Image-caption web data:

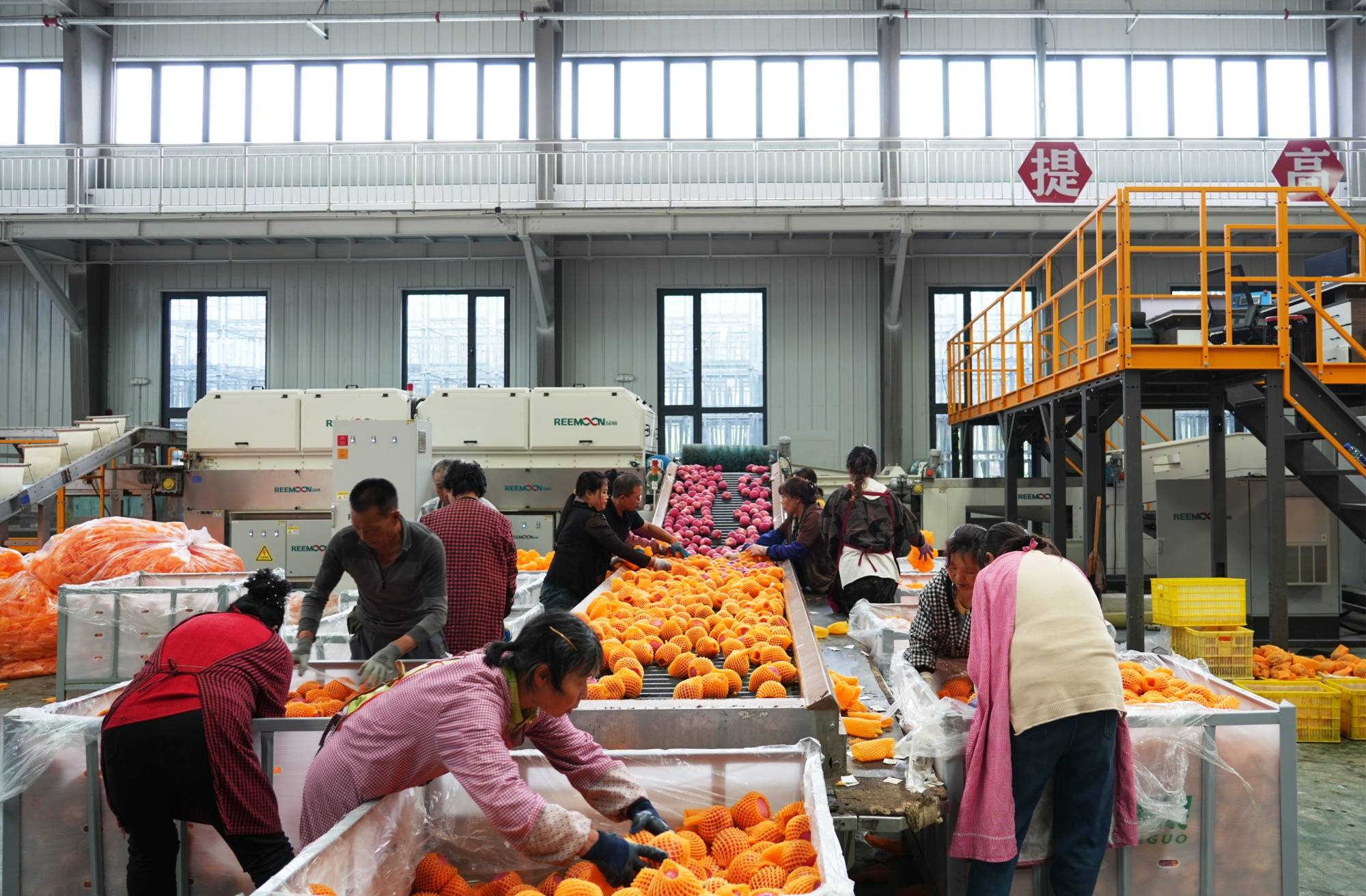 甘肃静宁：冷库开仓出货忙 苹果热销促增收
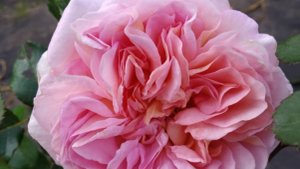 Красивые розы в моём саду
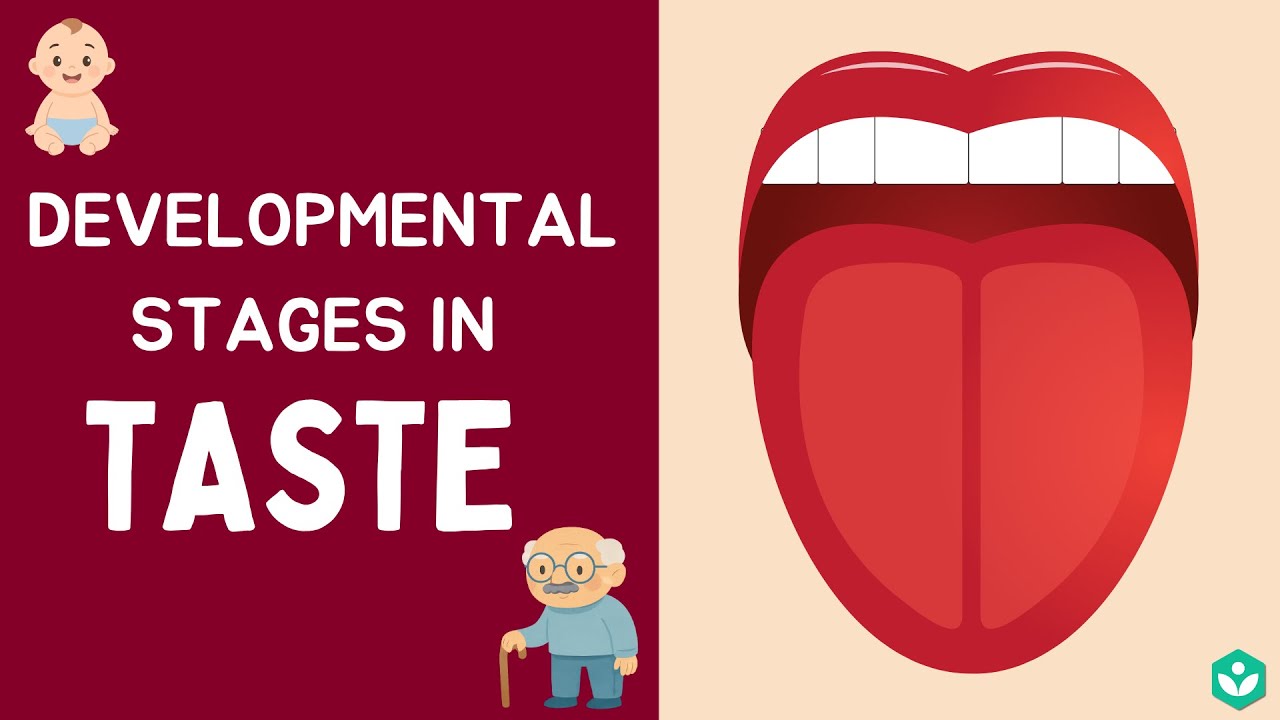 Developmental Stages in Taste | Sense organs | Class 9 | Biology | Telangana | Khan Academy
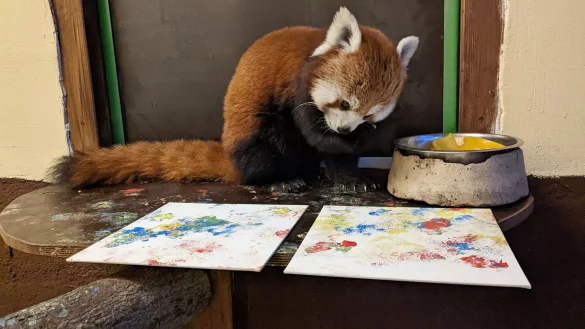 Mit Fingerfarbe an ihren Pfoten malt Panda-B&auml;rin Kamala kleine Kunstwerke. - &copy; Tiergarten Kleve/dpa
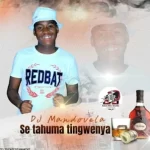 Dj Mandovela – Seta Huma Tingwenya Mp3 Download Fakaza:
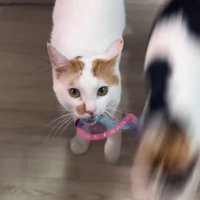 おもちゃをくわえた猫の横を通り過ぎるブレた猫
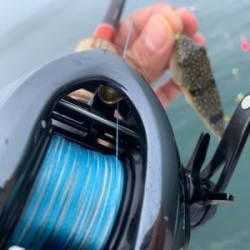 淡路遠征、シオキスチャリコ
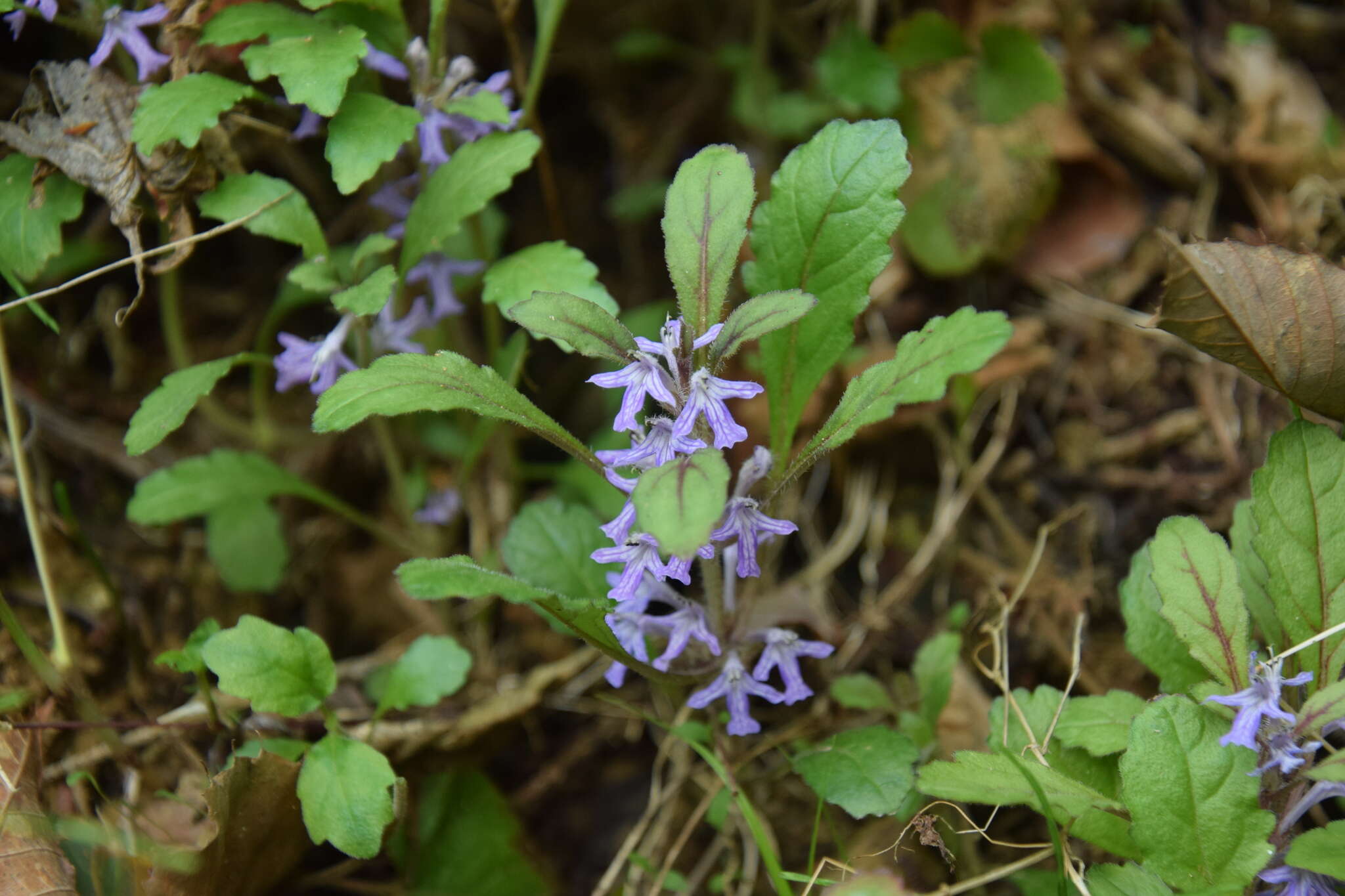 Слика од Ajuga yesoensis var. tsukubana Nakai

*WORK ITEM*
Because the copy must hold no pictures, return only the lines that run from the line containing "おもちゃをくわえた猫の横を通り過ぎるブレた猫" to the end of the data above, each exactly as it stands.

*WORKED SOLUTION*
 おもちゃをくわえた猫の横を通り過ぎるブレた猫
 淡路遠征、シオキスチャリコ
 Слика од Ajuga yesoensis var. tsukubana Nakai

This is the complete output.